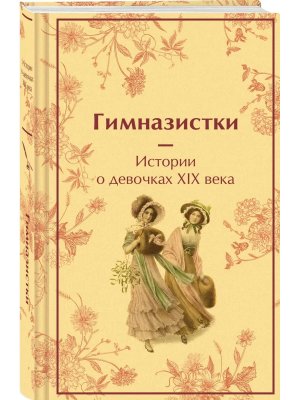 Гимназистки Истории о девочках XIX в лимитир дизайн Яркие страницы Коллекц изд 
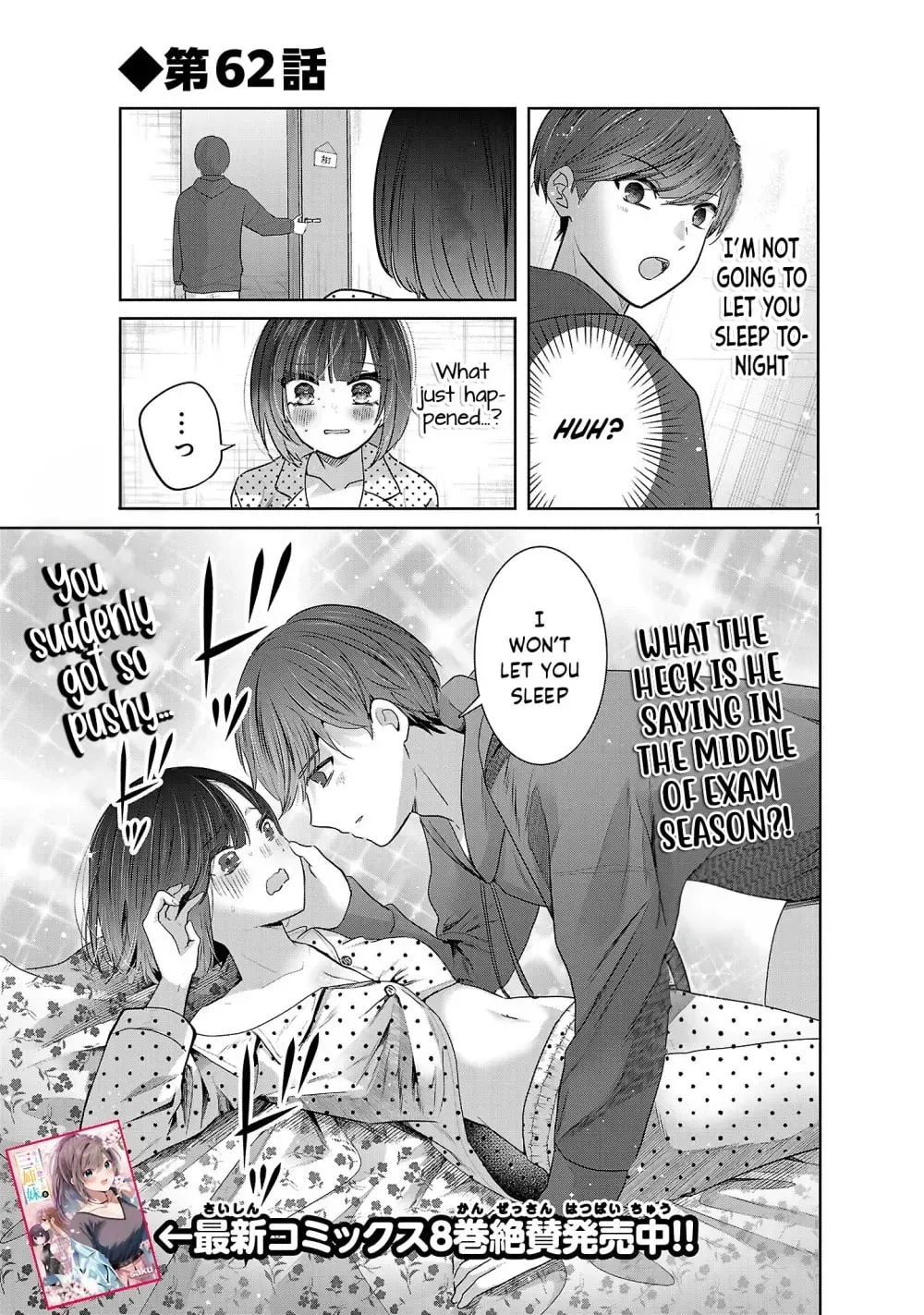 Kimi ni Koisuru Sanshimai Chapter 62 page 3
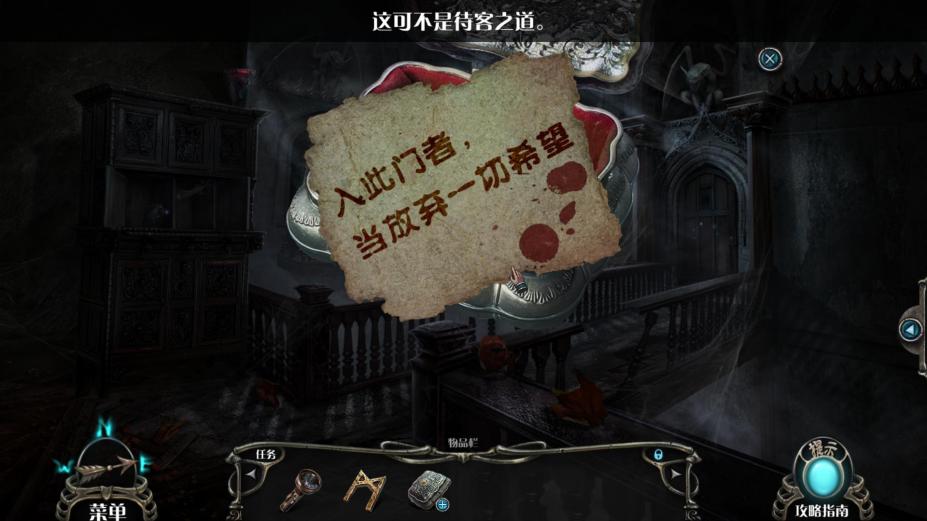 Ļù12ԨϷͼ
===
From the line holding "Kimi ni Koisuru Sanshimai Chapter 62 page 3" to the final line of the data above, give each line again exactly, both ends included, and drop the pictures.

 Kimi ni Koisuru Sanshimai Chapter 62 page 3
 Ļù12ԨϷͼ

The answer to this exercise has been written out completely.